By Alejandra Molina.

It was an unlikely scenario. The call for affordable housing had come to Beverly Hills, where a group of mostly middle-class professionals in early October protested in front of a high-end Chinese restaurant owned by Vicky Mense, the same woman listed as a proprietor of their Silver Lake apartment complex.

“What do we want? No evictions! When do we want it? Now!” they shouted.

Protesters banged on drums, walked past luxury boutiques, and chanted “The rent is too high. Yes on 10!”

The high cost of living in Los Angeles has predominantly impacted Latinx working-class neighborhoods such as Highland Park and Boyle Heights. But it had reached white middle-class tenants in Silver Lake — a trendy community where “hipsterdom” flourished around the early 2000’s — who now found themselves protesting against monthly rent increases.

This was just one of many demonstrations taking place. In other parts of L.A., tenants were engaging in rent strikes, renters were staging faux homeless encampments to protest rent hikes, and housing advocates were showing up en masse to the homes elected officials who they felt were not addressing the issue.

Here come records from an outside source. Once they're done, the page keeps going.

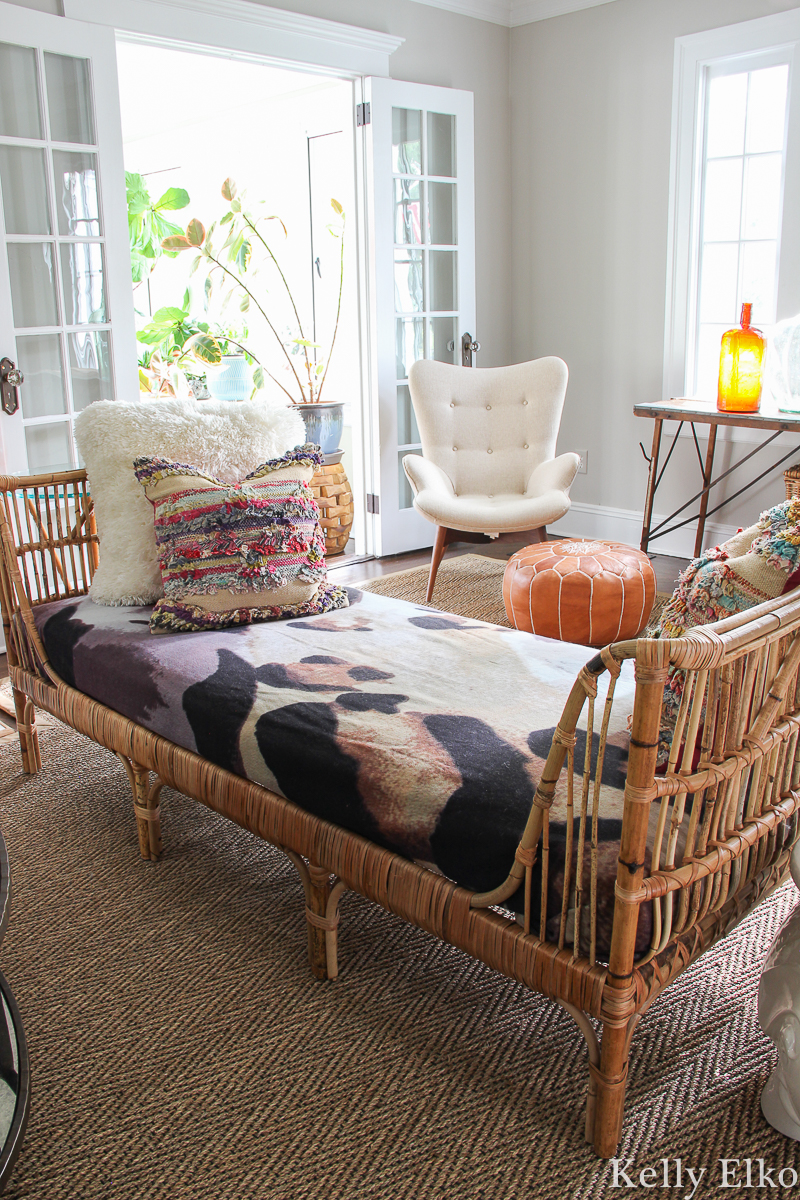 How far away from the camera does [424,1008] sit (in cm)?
158

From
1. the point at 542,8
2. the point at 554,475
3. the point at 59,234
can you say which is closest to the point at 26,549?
the point at 59,234

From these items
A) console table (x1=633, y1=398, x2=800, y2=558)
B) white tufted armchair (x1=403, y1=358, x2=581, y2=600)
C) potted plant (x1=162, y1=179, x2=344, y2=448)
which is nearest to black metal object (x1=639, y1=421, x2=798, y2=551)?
console table (x1=633, y1=398, x2=800, y2=558)

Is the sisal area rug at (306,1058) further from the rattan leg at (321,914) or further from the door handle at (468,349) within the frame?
the door handle at (468,349)

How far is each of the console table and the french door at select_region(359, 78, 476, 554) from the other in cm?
109

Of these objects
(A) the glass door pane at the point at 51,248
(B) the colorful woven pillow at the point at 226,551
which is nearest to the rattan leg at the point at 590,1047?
(B) the colorful woven pillow at the point at 226,551

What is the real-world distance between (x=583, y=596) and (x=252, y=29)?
99.7 inches

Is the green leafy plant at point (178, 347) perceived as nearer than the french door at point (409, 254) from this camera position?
No

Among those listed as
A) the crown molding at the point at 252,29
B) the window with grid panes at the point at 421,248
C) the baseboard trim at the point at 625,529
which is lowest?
the baseboard trim at the point at 625,529

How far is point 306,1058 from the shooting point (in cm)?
147

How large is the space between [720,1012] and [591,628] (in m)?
1.37

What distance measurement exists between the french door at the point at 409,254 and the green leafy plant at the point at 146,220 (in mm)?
1486

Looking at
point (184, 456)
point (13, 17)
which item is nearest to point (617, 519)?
point (184, 456)

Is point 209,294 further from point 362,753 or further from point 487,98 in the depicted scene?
point 362,753

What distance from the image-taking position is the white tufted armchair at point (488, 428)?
3977 millimetres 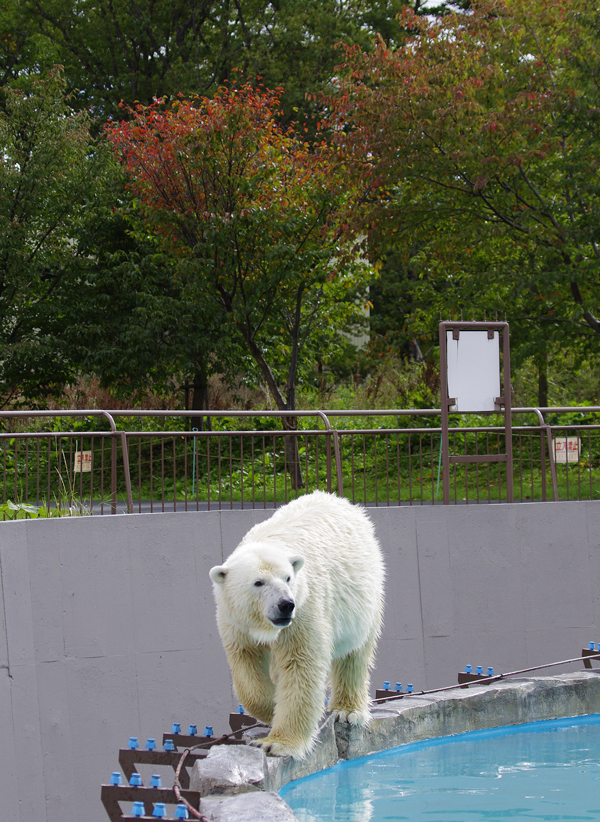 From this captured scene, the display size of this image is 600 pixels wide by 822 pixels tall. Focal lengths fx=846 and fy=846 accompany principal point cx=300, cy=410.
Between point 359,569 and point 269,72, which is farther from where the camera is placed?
point 269,72

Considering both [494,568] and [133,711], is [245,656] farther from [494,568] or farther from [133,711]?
[494,568]

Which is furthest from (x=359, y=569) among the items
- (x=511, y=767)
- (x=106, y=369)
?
(x=106, y=369)

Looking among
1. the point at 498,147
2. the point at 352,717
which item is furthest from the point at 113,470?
the point at 498,147

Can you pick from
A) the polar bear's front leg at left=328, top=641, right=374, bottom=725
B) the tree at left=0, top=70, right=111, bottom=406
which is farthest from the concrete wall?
the tree at left=0, top=70, right=111, bottom=406

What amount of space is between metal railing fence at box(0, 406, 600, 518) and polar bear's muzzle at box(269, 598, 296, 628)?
291cm

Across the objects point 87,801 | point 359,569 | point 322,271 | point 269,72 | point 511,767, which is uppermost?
point 269,72

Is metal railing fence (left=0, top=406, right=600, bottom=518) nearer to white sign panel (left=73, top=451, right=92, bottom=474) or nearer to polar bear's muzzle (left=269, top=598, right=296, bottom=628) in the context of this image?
white sign panel (left=73, top=451, right=92, bottom=474)

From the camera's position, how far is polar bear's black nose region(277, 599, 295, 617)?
13.6ft

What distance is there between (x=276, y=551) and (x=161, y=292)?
11060 millimetres

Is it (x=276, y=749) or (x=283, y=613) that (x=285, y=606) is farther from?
(x=276, y=749)

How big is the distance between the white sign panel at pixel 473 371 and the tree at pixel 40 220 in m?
7.27

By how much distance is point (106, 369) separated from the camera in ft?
45.6

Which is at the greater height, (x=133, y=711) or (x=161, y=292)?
(x=161, y=292)

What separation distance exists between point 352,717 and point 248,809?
1.62 meters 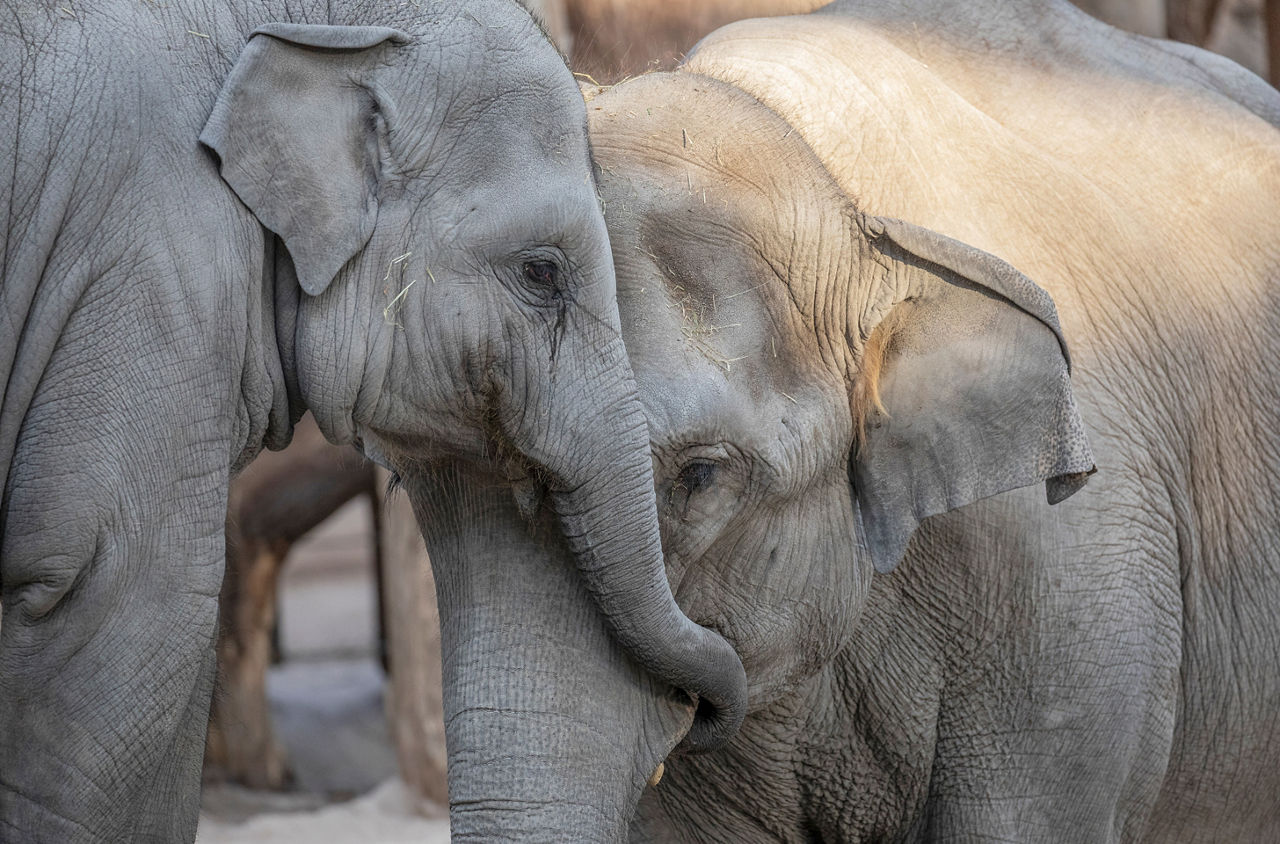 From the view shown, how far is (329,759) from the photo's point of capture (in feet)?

Median rents in Los Angeles now stand at $1,367 for a one-bedroom apartment and $1,756 for a two-bedroom, according to a report from Apartment List.

There was enough momentum to suggest that Proposition 10, a hotly contested measure that would have made it easier for California cities to enact rent control policies, had a chance of passing in the midterm elections Nov. 6.

But it didn’t. The measure failed on a 38 to 62 margin.